EPYC™ System Management Software (E-SMS) stack comprises of kernel modules, user space libraries, and tools to manage power, performance aspects through In-Band and Out-of-Band of the AMD EPYC server CPUs.

E-SMS In-band Stack

E-SMS In-Band stack is a Linux® software stack based on In-Band interfaces, such as Model-specific Registers (MSRs) and Host System Management Port (HSMP).

  • Kernel modules
    • amd_hsmp driver: Upstreamed Linux kernel driver under pdx86/amd that provides a device input and output control (IOCTL) interface to the In-Band system management functionality.
    • amd_edac modules: Upstreamed Linux kernel module under edac subsystem to provide error counts for the memory devices.
    • amd_mce modules: Upstreamed Linux kernel module under Machine Check Exception (MCE) framework to handle the SMIs and provide error decoding and log them in dmesg.
    • amd_energy driver: Open-sourced Linux driver that reports per core and per socket energy consumption through the hwmon attributes (privileged user).
  • User space libraries and tools
    • E-SMI In-band library: EPYC System Management Interface In-Band Library (E-SMI) is a C-library for Linux that provides APIs for In-Band user space software to monitor and control the CPU power, energy, performance, and other system management functionality.
    • E-SMI tool: Command line tool with options for the features supported on the platform.
    • amd_smi_exporter: AMD SMI Exporter provides AMD EPYC CPU and datacenter GPU metrics to the Prometheus server.
    • Rasdaemon: Includes error decoding and logging support for AMD EPYC CPUs.

E-SMS Out of-band stack

APML Suite (E-SMS Out-of-Band stack) is a Linux software stack based on AMD’s Out-of-Band Advanced Platform Management Link (APML) interface that’s targeted to run on Baseboard Management Controller (BMC).
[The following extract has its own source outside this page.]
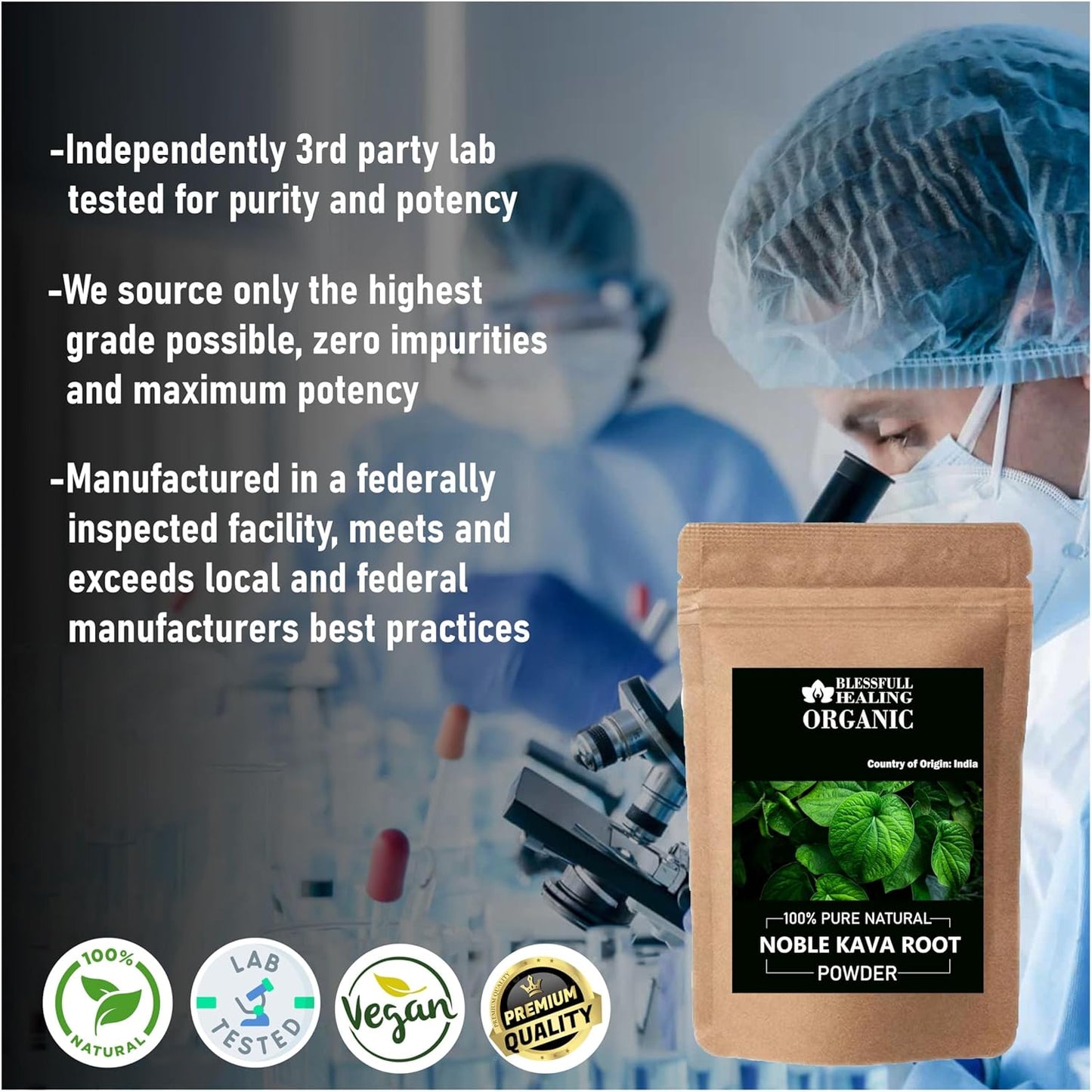 100% Pure Natural Blessfull Healing Organic Noble Kava Root Powder - 100g / 3.52 oz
APML is an I3C or I2C slave interface.

  • Kernel modules: APML kernel modules are built and run on the BMC, connected to the AMD processors through the APML interface. These Out-of-tree kernel modules are open-sourced (APML modules).
    • apml_sbtsi module: Based on upstreamed Linux driver sbtsi_temp.c under hwmon subsystem to report per socket temperature and threshold management in kernel.
    • apml_sbrmi module: Based on upstreamed Linux driver sbrmi.c under hwmon subsystem to report per socket power consumption and controls the power limit.
    • Both “apml_sbtsi” and “apml_sbrmi” modules register a misc_device to provide IOCTL interface to user space, allowing them to run the custom protocols.
  • User space libraries and tools 
    •   APML Library, formerly E-SMI OOB Library: It is a C library for Linux that provides APIs for the OOB (BMC) user space software to monitor and control the CPU power, energy, performance, temperature, and other system management functionality.
      • APML tool: Command line tool with options for the features supported on the platform. This tool is released along with the library.